Exercise ::
Scan the records below. Copy every line in which the word "sunset" appears.

(Caption-style text data)
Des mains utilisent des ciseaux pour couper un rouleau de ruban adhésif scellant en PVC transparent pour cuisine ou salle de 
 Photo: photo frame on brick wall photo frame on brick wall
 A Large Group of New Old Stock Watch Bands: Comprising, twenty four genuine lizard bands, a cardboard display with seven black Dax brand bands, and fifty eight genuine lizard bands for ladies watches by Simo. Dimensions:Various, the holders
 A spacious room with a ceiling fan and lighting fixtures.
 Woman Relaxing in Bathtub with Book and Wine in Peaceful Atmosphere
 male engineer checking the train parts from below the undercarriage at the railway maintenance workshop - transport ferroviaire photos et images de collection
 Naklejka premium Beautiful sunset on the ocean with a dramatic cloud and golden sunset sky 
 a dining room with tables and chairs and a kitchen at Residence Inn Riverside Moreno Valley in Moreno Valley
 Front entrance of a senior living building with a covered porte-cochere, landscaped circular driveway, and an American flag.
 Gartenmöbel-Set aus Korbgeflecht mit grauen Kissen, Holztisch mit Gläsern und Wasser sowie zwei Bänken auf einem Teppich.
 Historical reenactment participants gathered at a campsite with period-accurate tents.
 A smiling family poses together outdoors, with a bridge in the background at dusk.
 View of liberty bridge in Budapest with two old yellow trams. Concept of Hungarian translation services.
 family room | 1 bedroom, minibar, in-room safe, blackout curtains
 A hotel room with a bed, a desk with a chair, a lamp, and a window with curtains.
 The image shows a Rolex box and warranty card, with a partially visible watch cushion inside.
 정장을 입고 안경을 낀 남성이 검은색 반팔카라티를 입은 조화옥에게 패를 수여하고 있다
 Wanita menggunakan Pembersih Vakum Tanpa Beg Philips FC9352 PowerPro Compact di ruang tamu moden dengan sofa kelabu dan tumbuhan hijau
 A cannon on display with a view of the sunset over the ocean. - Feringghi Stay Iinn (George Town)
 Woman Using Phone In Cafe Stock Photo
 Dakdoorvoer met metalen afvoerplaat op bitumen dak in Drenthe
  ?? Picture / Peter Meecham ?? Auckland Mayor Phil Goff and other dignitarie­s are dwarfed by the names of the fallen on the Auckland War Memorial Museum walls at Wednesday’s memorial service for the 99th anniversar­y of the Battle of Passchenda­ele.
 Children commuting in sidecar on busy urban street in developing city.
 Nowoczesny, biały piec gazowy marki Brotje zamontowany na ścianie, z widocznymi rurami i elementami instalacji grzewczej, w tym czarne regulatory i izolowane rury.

Response for this exercise ::
 Naklejka premium Beautiful sunset on the ocean with a dramatic cloud and golden sunset sky 
 A cannon on display with a view of the sunset over the ocean. - Feringghi Stay Iinn (George Town)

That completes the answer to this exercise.